━━━━━ Data supplied ━━━━━

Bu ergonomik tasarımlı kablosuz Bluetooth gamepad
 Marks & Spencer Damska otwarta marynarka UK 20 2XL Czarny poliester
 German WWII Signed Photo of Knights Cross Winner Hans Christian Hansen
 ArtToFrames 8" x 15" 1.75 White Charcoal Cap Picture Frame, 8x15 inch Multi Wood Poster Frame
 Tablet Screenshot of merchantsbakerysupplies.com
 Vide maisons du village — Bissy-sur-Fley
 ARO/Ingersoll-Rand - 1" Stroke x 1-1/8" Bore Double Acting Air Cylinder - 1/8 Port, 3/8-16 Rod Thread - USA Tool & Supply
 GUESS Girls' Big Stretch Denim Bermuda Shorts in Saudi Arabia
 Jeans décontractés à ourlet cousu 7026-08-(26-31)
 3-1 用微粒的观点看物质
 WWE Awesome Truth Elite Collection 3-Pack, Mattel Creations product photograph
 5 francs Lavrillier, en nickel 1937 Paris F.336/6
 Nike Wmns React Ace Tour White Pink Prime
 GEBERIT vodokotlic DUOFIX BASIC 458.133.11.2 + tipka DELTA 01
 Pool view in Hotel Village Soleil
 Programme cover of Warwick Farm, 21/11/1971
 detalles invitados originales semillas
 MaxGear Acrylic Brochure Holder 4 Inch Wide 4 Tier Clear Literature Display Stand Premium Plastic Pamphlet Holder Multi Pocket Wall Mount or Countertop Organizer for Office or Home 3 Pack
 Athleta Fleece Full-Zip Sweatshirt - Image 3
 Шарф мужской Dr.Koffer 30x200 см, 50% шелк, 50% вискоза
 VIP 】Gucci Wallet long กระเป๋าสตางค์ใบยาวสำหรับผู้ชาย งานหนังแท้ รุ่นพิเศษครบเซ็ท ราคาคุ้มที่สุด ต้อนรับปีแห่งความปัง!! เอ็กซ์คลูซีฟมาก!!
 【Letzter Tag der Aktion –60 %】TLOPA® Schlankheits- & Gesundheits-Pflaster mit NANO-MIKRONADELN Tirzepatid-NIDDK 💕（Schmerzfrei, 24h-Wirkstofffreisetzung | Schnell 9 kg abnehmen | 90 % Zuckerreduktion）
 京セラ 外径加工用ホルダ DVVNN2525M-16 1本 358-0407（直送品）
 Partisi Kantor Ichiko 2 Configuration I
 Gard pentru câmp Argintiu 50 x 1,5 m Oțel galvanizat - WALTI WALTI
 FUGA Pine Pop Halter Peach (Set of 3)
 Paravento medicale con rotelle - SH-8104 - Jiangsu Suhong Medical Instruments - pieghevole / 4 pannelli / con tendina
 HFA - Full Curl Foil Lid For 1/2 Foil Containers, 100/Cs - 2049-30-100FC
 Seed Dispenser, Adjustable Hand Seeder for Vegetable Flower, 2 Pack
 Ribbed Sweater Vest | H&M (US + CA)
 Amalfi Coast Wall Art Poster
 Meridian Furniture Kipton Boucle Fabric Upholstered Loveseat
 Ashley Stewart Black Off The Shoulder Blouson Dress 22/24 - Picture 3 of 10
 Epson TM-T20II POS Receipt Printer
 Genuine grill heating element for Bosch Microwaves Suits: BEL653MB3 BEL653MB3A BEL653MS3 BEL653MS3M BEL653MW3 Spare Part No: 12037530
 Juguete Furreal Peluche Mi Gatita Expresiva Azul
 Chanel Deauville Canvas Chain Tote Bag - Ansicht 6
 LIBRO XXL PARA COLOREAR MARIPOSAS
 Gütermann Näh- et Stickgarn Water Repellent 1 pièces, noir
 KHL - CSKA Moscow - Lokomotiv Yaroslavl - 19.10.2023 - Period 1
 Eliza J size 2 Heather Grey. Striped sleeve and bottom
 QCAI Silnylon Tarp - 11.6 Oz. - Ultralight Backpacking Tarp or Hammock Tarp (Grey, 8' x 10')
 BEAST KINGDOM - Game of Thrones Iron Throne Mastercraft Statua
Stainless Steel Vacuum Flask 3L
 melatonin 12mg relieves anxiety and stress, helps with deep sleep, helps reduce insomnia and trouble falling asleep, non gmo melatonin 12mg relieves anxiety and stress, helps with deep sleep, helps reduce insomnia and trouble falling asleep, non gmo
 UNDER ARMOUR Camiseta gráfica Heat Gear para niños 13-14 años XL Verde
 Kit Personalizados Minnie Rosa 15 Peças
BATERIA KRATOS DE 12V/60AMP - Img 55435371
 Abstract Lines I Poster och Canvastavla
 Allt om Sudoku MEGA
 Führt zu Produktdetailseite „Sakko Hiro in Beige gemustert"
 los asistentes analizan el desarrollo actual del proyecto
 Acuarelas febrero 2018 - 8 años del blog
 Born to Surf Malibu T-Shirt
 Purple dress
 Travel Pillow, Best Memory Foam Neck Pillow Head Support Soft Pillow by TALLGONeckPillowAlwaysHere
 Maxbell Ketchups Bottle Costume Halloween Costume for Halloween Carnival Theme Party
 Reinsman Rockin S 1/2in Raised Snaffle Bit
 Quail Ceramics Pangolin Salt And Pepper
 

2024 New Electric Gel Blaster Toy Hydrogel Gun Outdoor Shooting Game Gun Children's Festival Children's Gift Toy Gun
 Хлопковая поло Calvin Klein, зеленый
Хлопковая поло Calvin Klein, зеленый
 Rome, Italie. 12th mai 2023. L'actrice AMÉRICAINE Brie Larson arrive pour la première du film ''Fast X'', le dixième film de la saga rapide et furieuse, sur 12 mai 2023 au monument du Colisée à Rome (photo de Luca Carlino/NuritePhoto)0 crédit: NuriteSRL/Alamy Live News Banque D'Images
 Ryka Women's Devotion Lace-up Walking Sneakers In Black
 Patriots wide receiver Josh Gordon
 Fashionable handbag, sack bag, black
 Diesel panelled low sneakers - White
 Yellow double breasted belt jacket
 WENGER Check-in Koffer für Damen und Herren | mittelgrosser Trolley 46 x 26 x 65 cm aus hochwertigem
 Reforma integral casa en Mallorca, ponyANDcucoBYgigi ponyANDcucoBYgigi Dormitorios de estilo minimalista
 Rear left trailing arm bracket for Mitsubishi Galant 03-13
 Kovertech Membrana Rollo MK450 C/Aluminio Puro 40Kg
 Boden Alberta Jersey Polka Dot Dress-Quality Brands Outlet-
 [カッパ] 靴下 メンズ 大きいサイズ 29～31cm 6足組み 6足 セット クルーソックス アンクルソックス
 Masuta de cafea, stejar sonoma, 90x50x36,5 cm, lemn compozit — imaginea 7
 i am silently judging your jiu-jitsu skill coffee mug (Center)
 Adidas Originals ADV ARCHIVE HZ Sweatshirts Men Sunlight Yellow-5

━━━━━

Work to be completed: List each line of the entries that holds the string "Klein".

Your solution:
 Хлопковая поло Calvin Klein, зеленый
Хлопковая поло Calvin Klein, зеленый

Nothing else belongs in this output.